Bayesian methods provide richer information, with greater flexibility and broader applicability than 20th century methods. Bayesian methods are intellectually coherent and intuitive. Bayesian analyses are readily computed with modern software and hardware.
To explain this point adequately would take an entire textbook, but here are a few highlights.
* In NHST, the data collector must pretend to plan the sample size in advance and pretend not to let preliminary looks at the data influence the final sample size. Bayesian design, on the contrary, has no such pretenses because inference is not based on p values.
* In NHST, analysis of variance (ANOVA) has elaborate corrections for multiple comparisons based on the intentions of the analyst. Hierarchical Bayesian ANOVA uses no such corrections, instead rationally mitigating false alarms based on the data.
* Bayesian computational practice allows easy modification of models to properly accommodate the measurement scales and distributional needs of observed data.
* In many NHST analyses, missing data or otherwise unbalanced designs can produce computational problems. Bayesian models seamlessly handle unbalanced and small-sample designs.
* In many NHST analyses, individual differences are challenging to incorporate into the analysis. In hierarchical Bayesian approaches, individual differences can be flexibly and easily modeled, with hierarchical priors that provide rational “shrinkage” of individual estimates.

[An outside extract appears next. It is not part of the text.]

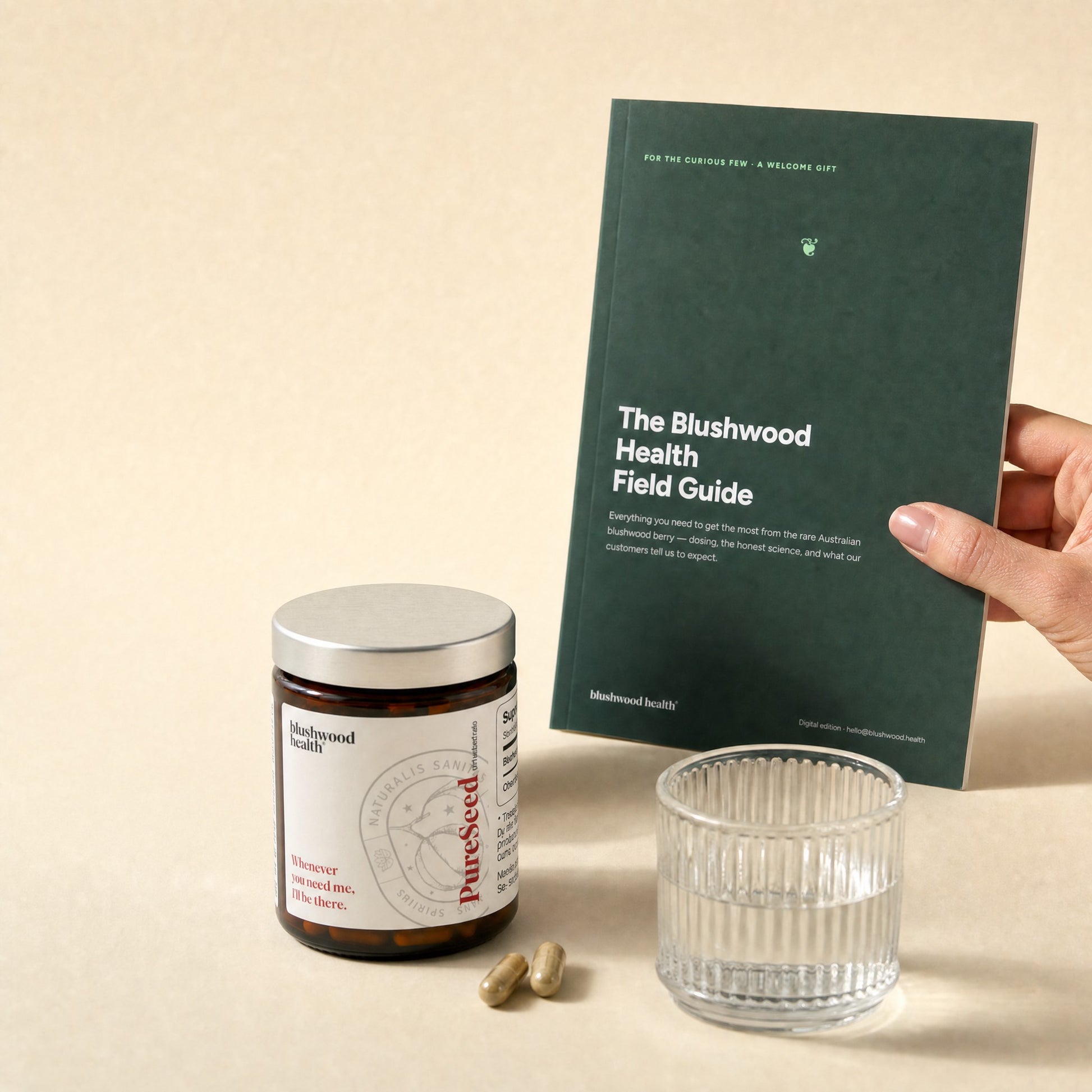 Blushwood Berry Extract Capsules — 30-day supply (1 jar) with the free Field Guide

* In contingency table analysis, the traditional chi-square test suffers if expected values of cell frequencies are less than 5. There is no such issue in Bayesian analysis, which handles small or large frequencies seamlessly.
* In multiple regression analysis, traditional analyses break down when the predictors are perfectly (or very strongly) correlated, but Bayesian analysis proceeds as usual and reveals that the estimated regression coefficients are (anti-)correlated.
* In NHST, the power of an experiment, i.e., the probability of rejecting the null hypothesis, is based on a single alternative hypothesis. And the probability of replicating a significant outcome is “virtually unknowable” according to recent research. But in Bayesian analysis, both power and replication probability can be computed in straight forward manner, with the uncertainty of the hypothesis directly represented.
* Bayesian computational practice allows easy specification of domain-specific psychometric models in addition to generic models such as ANOVA and regression.